Source data:

▬▬▬▬▬▬

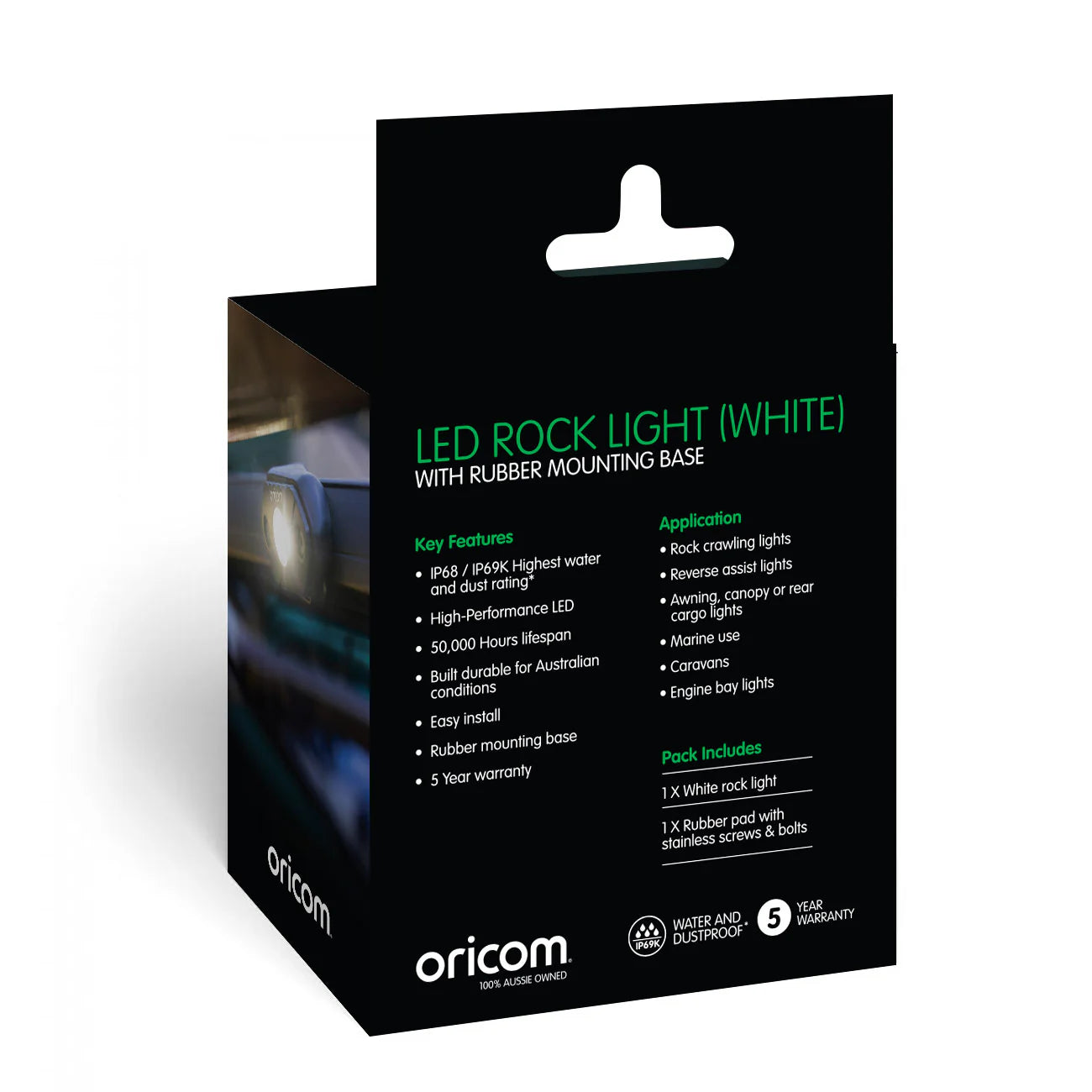 Oricom RKL1W LED Rock Light Single Pack (White)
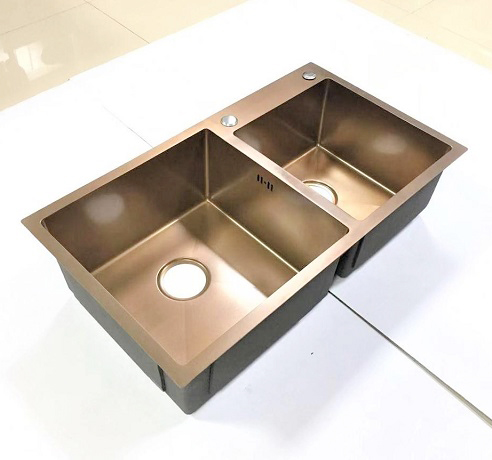 Chậu rửa bát Handmade Inox 304 mạ vàng Miken MKRB-7843GC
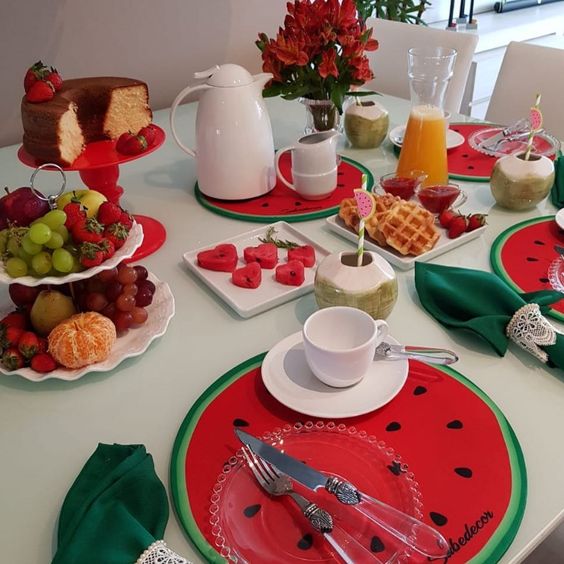 decoracao mesa cafe dia maes barata e elegante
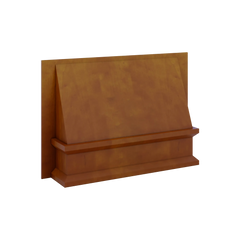 J&K Mocha Glazed K10 Range Wood Hood 36" W x 24" H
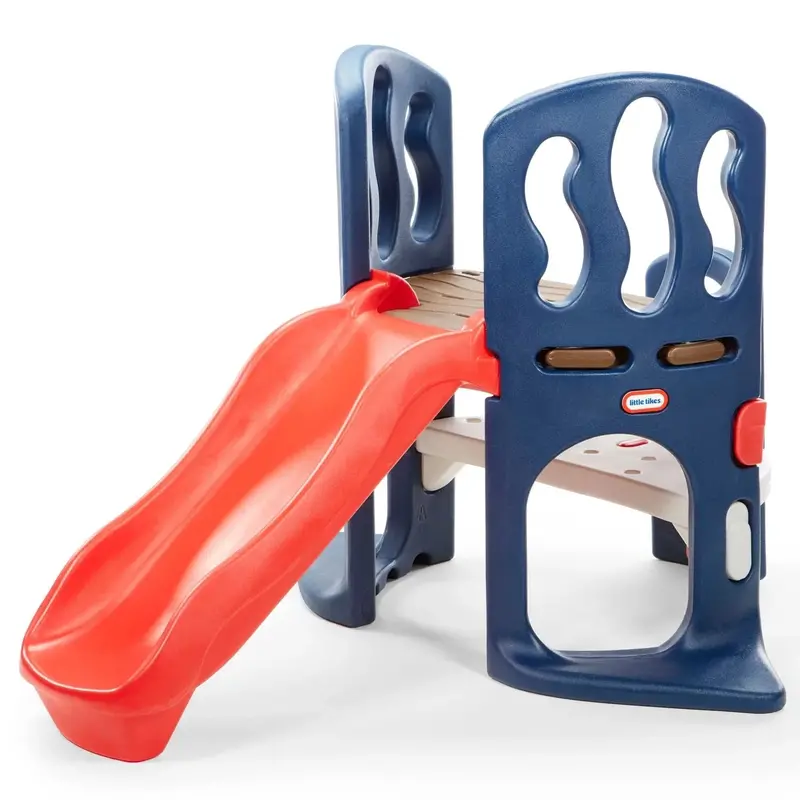 Hide-and-Slide Kids’ Climber & Slide – Blue and Red Indoor/Outdoor Play Structure for Ages 2–6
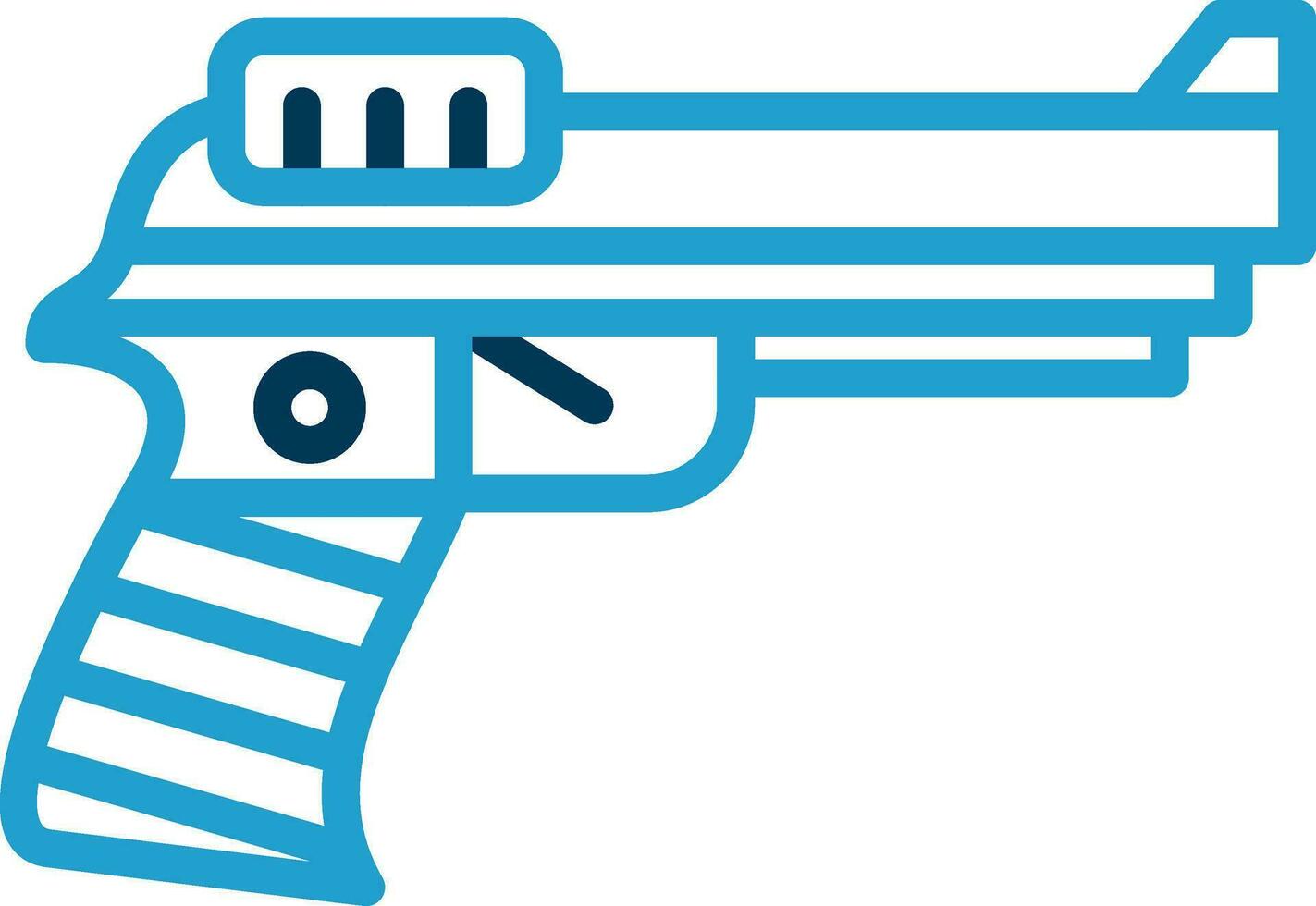 Pistol Vector Icon Design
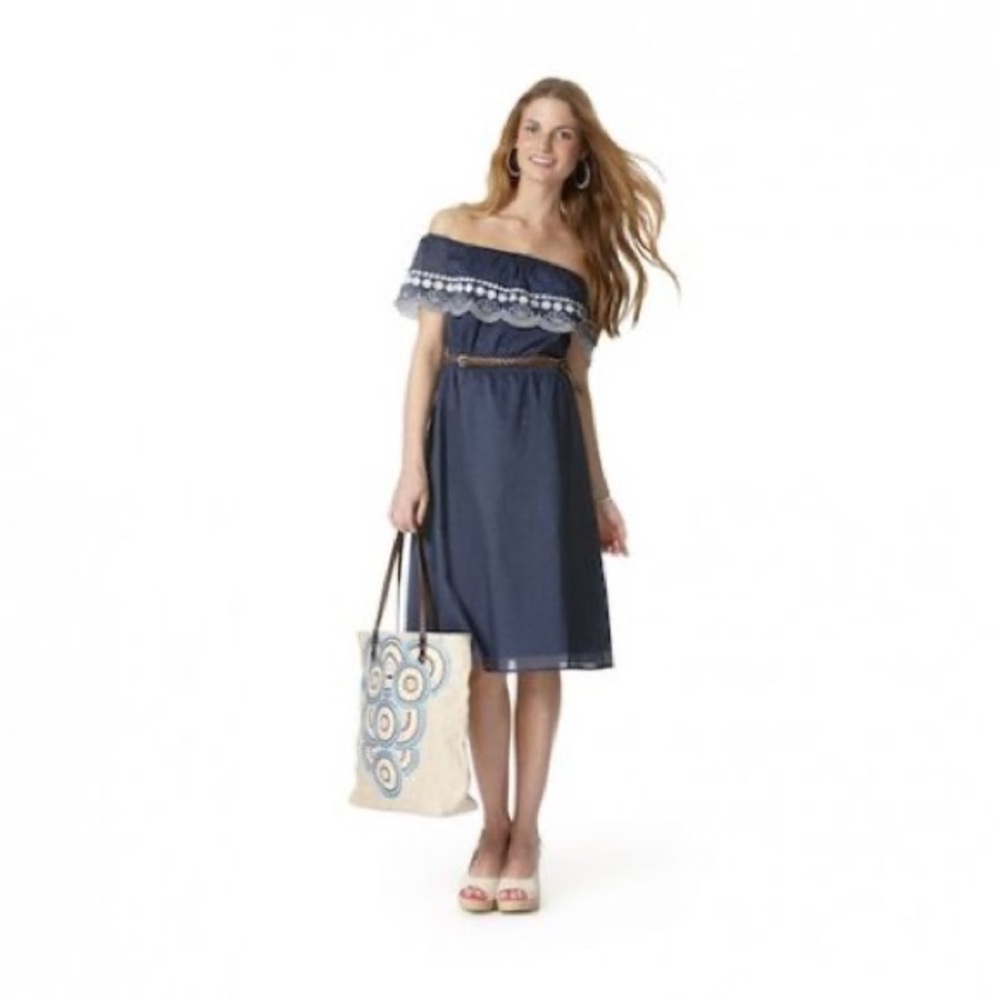 Calypso St Barth x Target embroidered ruffle dress - S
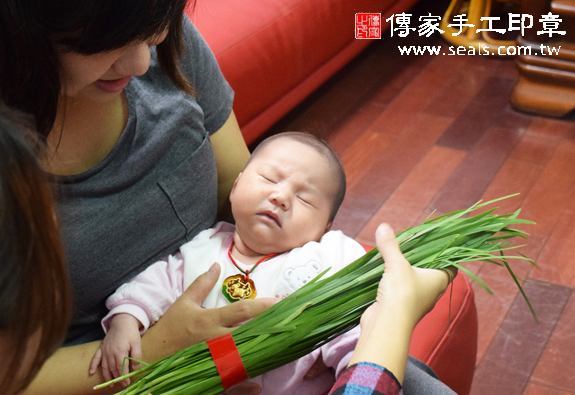 吳寶寶(台中北屯區到府嬰兒寶寶滿月剃頭理髮、免費到府嬰兒剃胎毛儀式吉祥話)。到府剃頭剃胎毛主持、專業拍照、DVD光碟、證書。★購買「臍帶章、肚臍章、胎毛筆刷印章」贈送：剃頭、收涎、抓周，三選一。2015.12.06 照片9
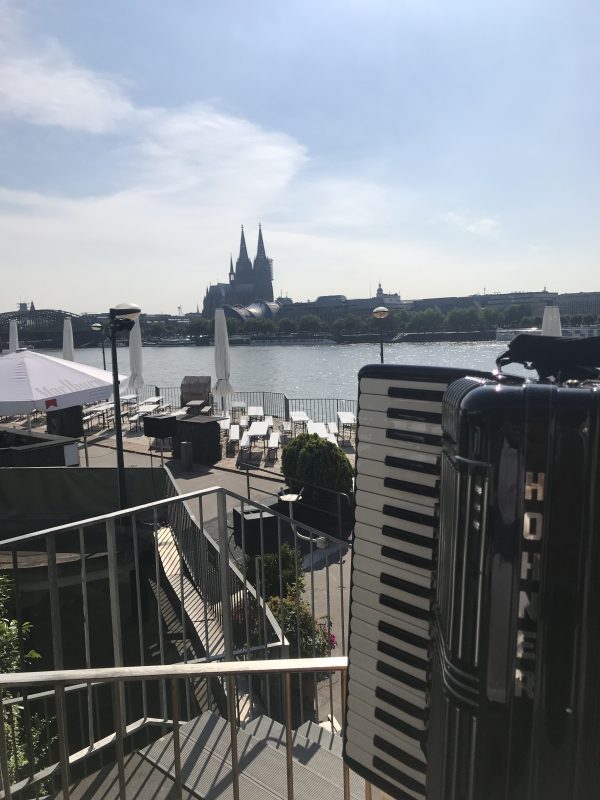 Akkordeonspieler in Köln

▬▬▬▬▬▬

Task directions
Take the data above and set it down exactly, images excluded.

Response
 Oricom RKL1W LED Rock Light Single Pack (White)
 Chậu rửa bát Handmade Inox 304 mạ vàng Miken MKRB-7843GC
 decoracao mesa cafe dia maes barata e elegante
 J&K Mocha Glazed K10 Range Wood Hood 36" W x 24" H
 Hide-and-Slide Kids’ Climber & Slide – Blue and Red Indoor/Outdoor Play Structure for Ages 2–6
 Pistol Vector Icon Design
 Calypso St Barth x Target embroidered ruffle dress - S
 吳寶寶(台中北屯區到府嬰兒寶寶滿月剃頭理髮、免費到府嬰兒剃胎毛儀式吉祥話)。到府剃頭剃胎毛主持、專業拍照、DVD光碟、證書。★購買「臍帶章、肚臍章、胎毛筆刷印章」贈送：剃頭、收涎、抓周，三選一。2015.12.06 照片9
 Akkordeonspieler in Köln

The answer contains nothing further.